Sánchez’s visit is a symptom of where this leads. Spain carries a trade deficit with China approaching $50 billion (€42 billion). Madrid’s priority was straightforward: Secure better market access for Spanish exports, attract Chinese industrial investment, and reduce a structural imbalance that EU frameworks have done little to correct. The agreements signed in Beijing achieved more for Spain’s trade position in a single visit than years of EU-level negotiation have managed.

Spain is not alone in drawing this conclusion.

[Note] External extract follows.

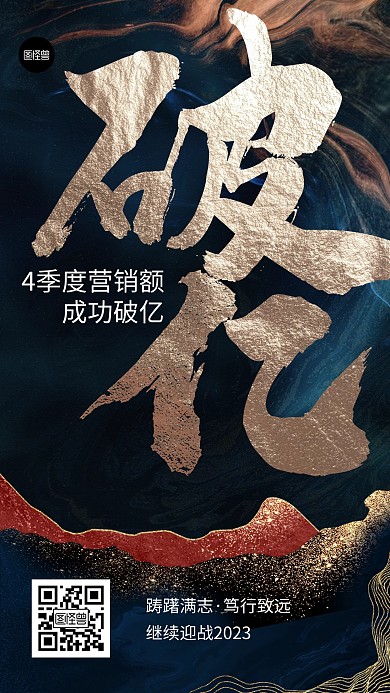 喜报战报贺报业绩汇报卡片红色鎏金风海报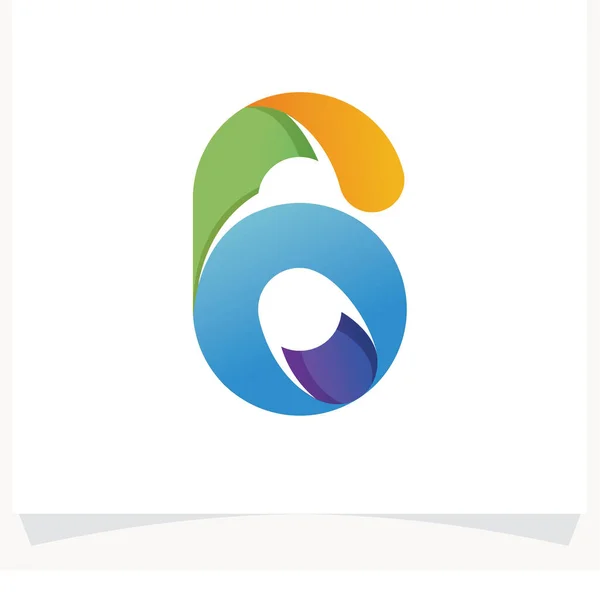 Logo Numéro Avec Style Ligne Coloré Modèle Conception Logo Avec — Image vectorielle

In the first months of 2026 alone, the leaders of the United Kingdom, Finland, Ireland, Germany, and Canada all made their way to Beijing. A European Parliament delegation visited China in late March for the first time in eight years. The pattern is consistent enough to constitute a trend rather than a series of isolated decisions.

What unites these visits is not ideological affinity with Beijing. It is the growing cost of alternatives. European industrial policy has systematically narrowed the options available to member states. Where Brussels identified political liabilities, others identified industrial opportunities. Technologies for processing rather than simply burning coal — already deployed at scale in India and South Africa — were not developed in Europe not because they were impossible, but because the regulatory environment made them unwelcome. The result is a continent increasingly dependent on imported technologies, imported energy, and imported capital for its own stated transition objectives.

The irony, for some observers, lies in the fact that Europe’s leaders travel to Beijing to secure the industrial investment and technological cooperation that EU policy has made it difficult to develop domestically. They are not choosing China over Europe. They are choosing economic functionality over regulatory constraints.

Sánchez framed the visit in the language of trade rebalancing and economic partnership. He was careful to position China as a necessary participant in addressing global challenges — from climate to the Middle East — at a moment when Washington’s engagement on both fronts is in visible retreat. Whether one agrees with that framing or not, the underlying logic is hard to dispute: A continent that has made itself structurally dependent on external capital and technology cannot afford to be selective about where that capital and technology comes from.

This is the conversation Brussels is not having. The question is not whether European governments should engage with China — they plainly will, and increasingly are. The question is why that engagement has become necessary in the first place, and what it reveals about the cumulative cost of a decade of regulatory choices that prioritised ideological coherence over industrial survival.

Sánchez’s visit to Beijing is not evidence of a geopolitical realignment. It is evidence of an industrial policy failure. The two things are different. Only one of them is Brussels’ responsibility.